The ordeal of traveling endlessly, having your money stolen, and dignity robbed off your person is enough trouble to have in one life.
The road ahead is fraught with danger for a victim of trafficking, and if there’s a lull when authorities can get to a group, it resumes as soon as the authorities pull out. It doesn’t matter if it’s Dover, or further into London, or even further afield such as Birmingham or Newcastle up north.
The point is people can catch up with a group of migrants as easily as the police can, but for a trafficker the job is not over.
The truth is trafficking is a horrible crime. It’s the worst transit crime a person can face whether they are rich or poor. The idea traffickers can reduce wealthy people to poverty and “disappear” poor people away from their families is frightening.
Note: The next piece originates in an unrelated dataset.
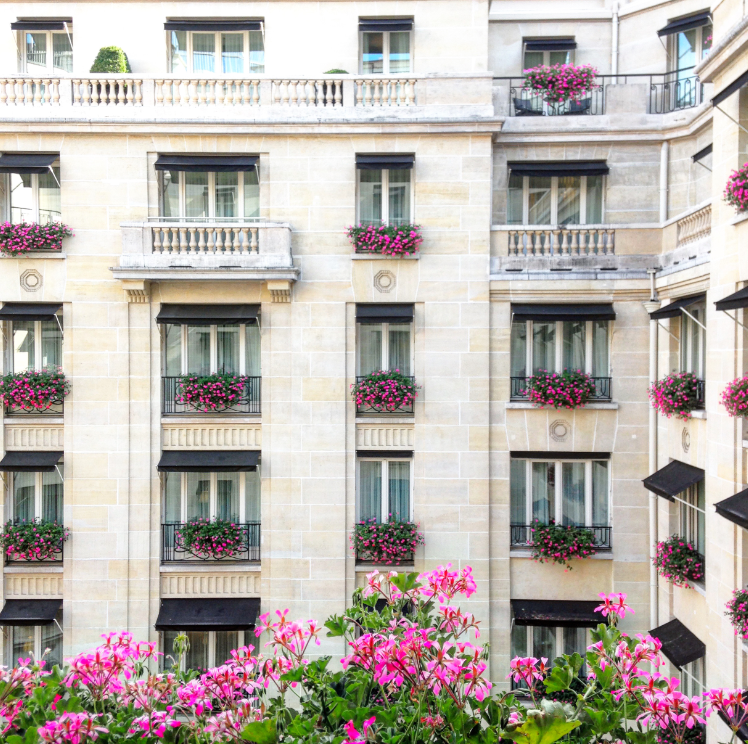 George V... and springtime in Paris! Is there anything more tantalizing than that? 🌸💕 Here are my favourite memories from the exquisite Four Seasons Hotel George V, Paris and surrounding areas. 🎶💓 <a href="/FourSeasons/">Four Seasons Hotels</a> <a href="/fsgeorgevparis/">FS George V Paris</a>  instagram.com/p/B-hKr9yAov2/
It’s the cruelty involved which is debilitating. The people who do it are just plain evil. These are the experiences of those who’ve been trapped by something they were not planning on becoming embroiled with.
The reason why it happens
Some may say such people got involved because of gambling debts, or irreligion, or because of bad choices in a bad place. The reality is far from it. It isn’t a fault or personal waywardness which comes on people.
The resultant effect of a trafficker’s actions is slavery and it becomes mental, emotional, and spiritual torture for those caught up in it. It’s worse than homelessness. It hits harder than assault or domestic violence put together.
It’s all these rolled up into a larger punishment against the human body which breaks it outright into a form of submission. The use of people who are as broken – and empty inside – as these are is uncertain.
It’s clear that some may end up in sex crimes of different kinds but not the sort which ends up in posh hotels.
It may be labour they become useful for but it isn’t going to be well paid or maybe even paid at all. The numbers of those involved is low and so they can be slotted in just about anywhere. In fact, traffickers are so emboldened they are able to show who they’ve got and “disappear” those people anywhere they want to.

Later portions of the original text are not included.